On each chromosome half supplied by each parent organism, you will find one gene.
Parents supply half the genetic material and because of this, the traits of their offspring will be a combination of these.
Only one gene of a gene pair is required for a dominant trait to be expressed in a phenotype.
In order to manifest, a recessive trait requires both genes, however.
Monohybrid and hybrid crosses
The possible combinations of alleles are expressed in genetic crosses.
When we talk of a monohybrid cross, it’s one in which only one trait is involved and normally, it will be a 3:1 ratio (dd, Dd, Dd, DD).
That ratio is that of the manifestation of dominant genes to recessive genes.
When both parents have a pair of recessive and dominant genes, this ratio takes place.
A dihybrid cross it’s one in which there is more than one trait.
Because of this, far more combinations can happen.
The ratio when the traits are not linked is 9:3:3:1, while the incomplete dominance ratio is 1:2:1.
This links to recessive, mixed, and dominant recessive types.

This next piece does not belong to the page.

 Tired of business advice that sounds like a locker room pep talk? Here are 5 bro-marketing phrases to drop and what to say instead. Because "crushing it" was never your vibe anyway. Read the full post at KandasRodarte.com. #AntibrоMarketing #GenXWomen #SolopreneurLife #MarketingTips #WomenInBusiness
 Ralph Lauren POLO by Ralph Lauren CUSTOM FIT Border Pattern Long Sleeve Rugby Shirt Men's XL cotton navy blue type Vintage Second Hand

When speaking of co-dominance, this looks at the expression of both alleles and because of them, both traits are on display.
As an example, the hair color of cows is red, white, or red and white.
In the last example, which is not pink but a distinct red and white coloring, there is a full expression of both traits.
Another example of something that is co-dominant is the ABO blood typing system.
When both the recessive and dominant genes are expressed, we have incomplete dominance resulting in a phenotype that includes a mixture of both.
This goes past the Mendelian concept that one trait is influenced by one gene.
Instead, it pertains to the fact that more than one gene is influencing traits.
It also takes into account development and the role that environmental influences play in it.
We know that only two alleles make up each gene.
In some instances, what those two alleles might be, comes down to more than two possibilities.
Let’s look at blood typing, for example.
Here three alleles are A, B, and O.
While there are three, each person has only two of the three.
A multiple allele is the name given to a gene with more than two possible alleles.
A polymorphic gene is one that can have two or more expressions or forms.